O TÉCNICO DE TELEVISÃO
(Reminiscências VII)

Com uma lâmpada forte na testa e uma maleta de mil e uma utilidades, o técnico de televisão era uma figura quase mítica no imaginário infantil.

Quando digo televisão, me refiro àquele trambolho pesado, de madeira e com rodinhas, ou seja, um distinto móvel da sala. A lá de casa era uma telefunken, em preto e branco, com uma tela de vidro na frente da tela de TV propriamente dita. Não havia controle remoto e os poucos canais eram trocados por uma rodela chamada seletor, que fazia um barulhão quando mudava os canais no espaço físico denominado “do 2 ao 11” (pelo menos no final da década de 70, no Rio de Janeiro): 2 (TVE), 4 (Globo), 6 (Tupi), 7 (Bandeirantes), 11 (TVS – a TV Studios, origem do atual SBT). Curioso é que muita gente não nomeava os canais, apenas dizia “bota no 4”, “muda pro 7, que tem um programa agora”, ou então “coloca no canal do Sílvio”. Havia botões de horizontal e vertical, que “limpavam” a imagem de interferências, uma faixas horizontais ou verticais que sempre apareciam, e quando o seletor se soltava, precisávamos recorrer a um bom alicate para mudar os canais.

Quando a TV enguiçava, a gente recebia a notícia, às vezes depois de um tempo excessivamente longo, que o técnico vinha para consertar. Geralmente era no sábado de manhã e a tarefa se constituía numa complexa cirurgia. O sujeito abria a tampa de trás, colocava a indefectível lâmpada na testa e espalhava as peças pelo chão. Levava horas para o conserto terminar, isso quando não era preciso comprar alguma peça na loja da esquina. Quem olha as TVs de plasma hoje, de telas finíssimas, não tem idéia das milhares de peças que se escondiam na parte de trás do aparelho. O que mais me impressionava era que quando o técnico fechava a tampa e terminava o trabalho, não sobrava nenhuma peça no chão.

Hoje, dependendo de quantas antenas o sujeito tiver em casa, ele pode acessar qualquer canal do mundo, desde gigantescas redes de comunicação até emissoras regionais, que só "pegam" numa cidade. Isso sem contar a transmissão pela internet.

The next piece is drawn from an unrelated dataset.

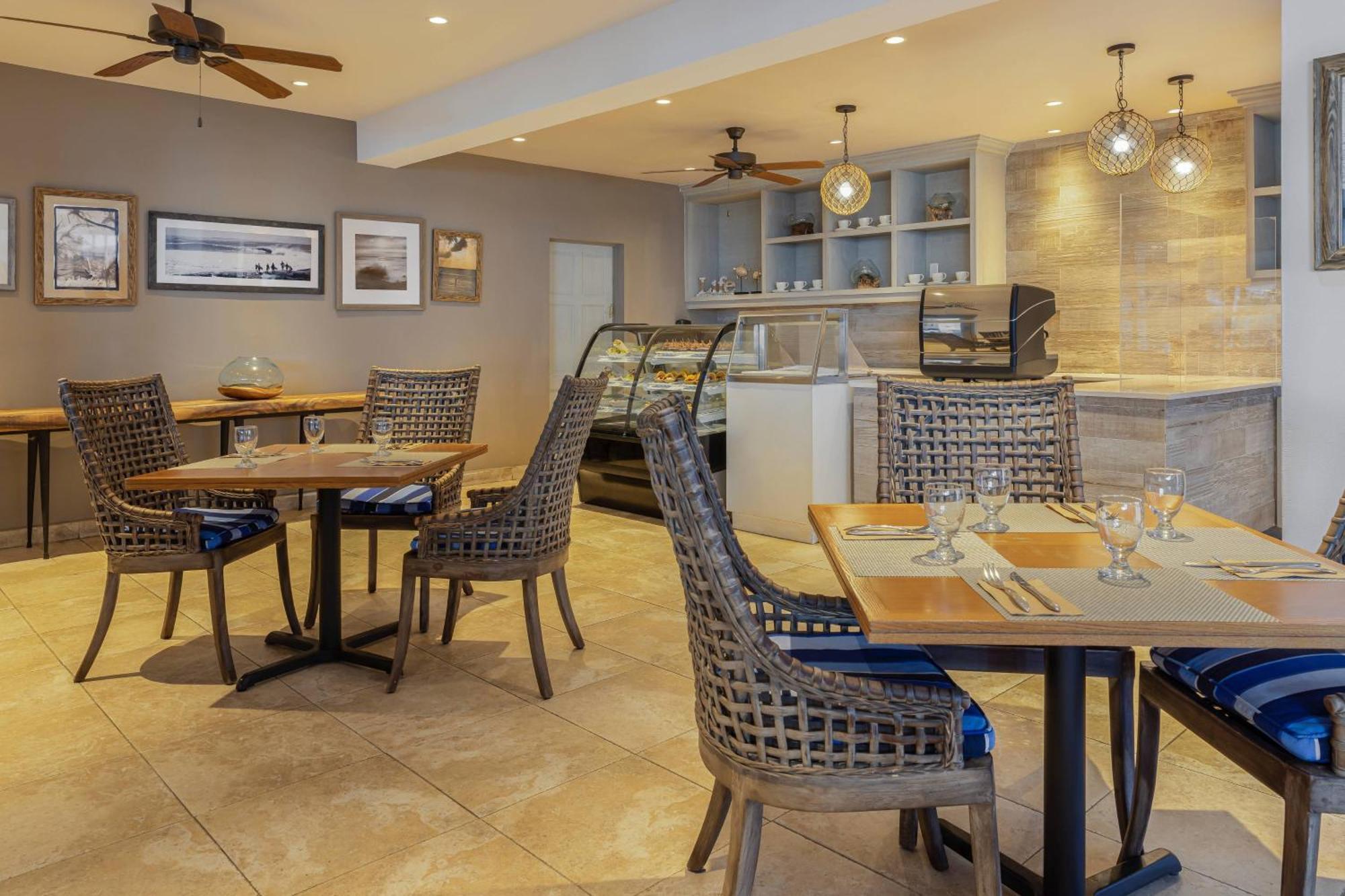 Waves Resort & Spa, Barbados, An Autograph Collection All-Inclusive Resort Saint James Eksteriør bilde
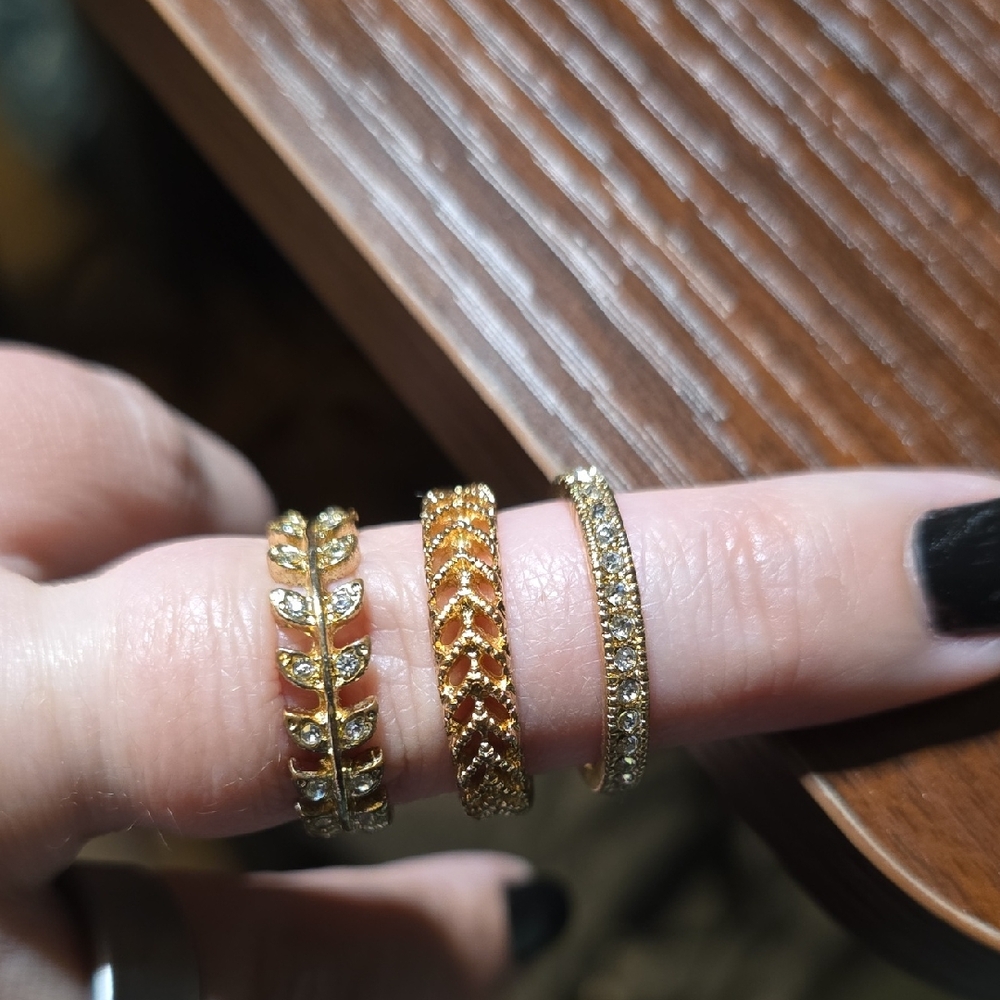 Fashion Jewelry: Elegant Gold and Silver Women's Ring Set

A figura clássica de Homer Simpson sentado diante da TV num confortável sofá, um saco de batatas fritas e uma lata de coca-cola ao lado e o controle remoto com mais de cem canais à disposição reflete bem a situação de muitos telespectadores modernos. Pelo menos quando não havia o controle remoto, o sujeito tinha duas opções: ou se levantava toda hora para trocar de canal, o que, pelo menos, o fazia perder algumas calorias, ou se tornava mais fiel a alguma emissora, o que era o caso mais freqüente.

Quando o telespectador desligava o aparelho, surgia um feixe de luz horizontal que ia diminuindo até apagar. Nada de programar a televisão para desligar. O que acontecia muitas vezes era ele dormir no sofá e acordar no meio da noite com a tela cheia de chuviscos ou de manhã, na hora do telecurso. Também podia acordar na hora exata do término da programação, que, se fosse na Globo (ou no 4), começava com a inevitável frase do “Logo estaremos junto novamente”, o que não deixava de ser um pedido de fidelidade eterna.

E que hoje, com tantos canais à disposição e aparelhos de TV que se renovam eternamente, é praticamente impossível.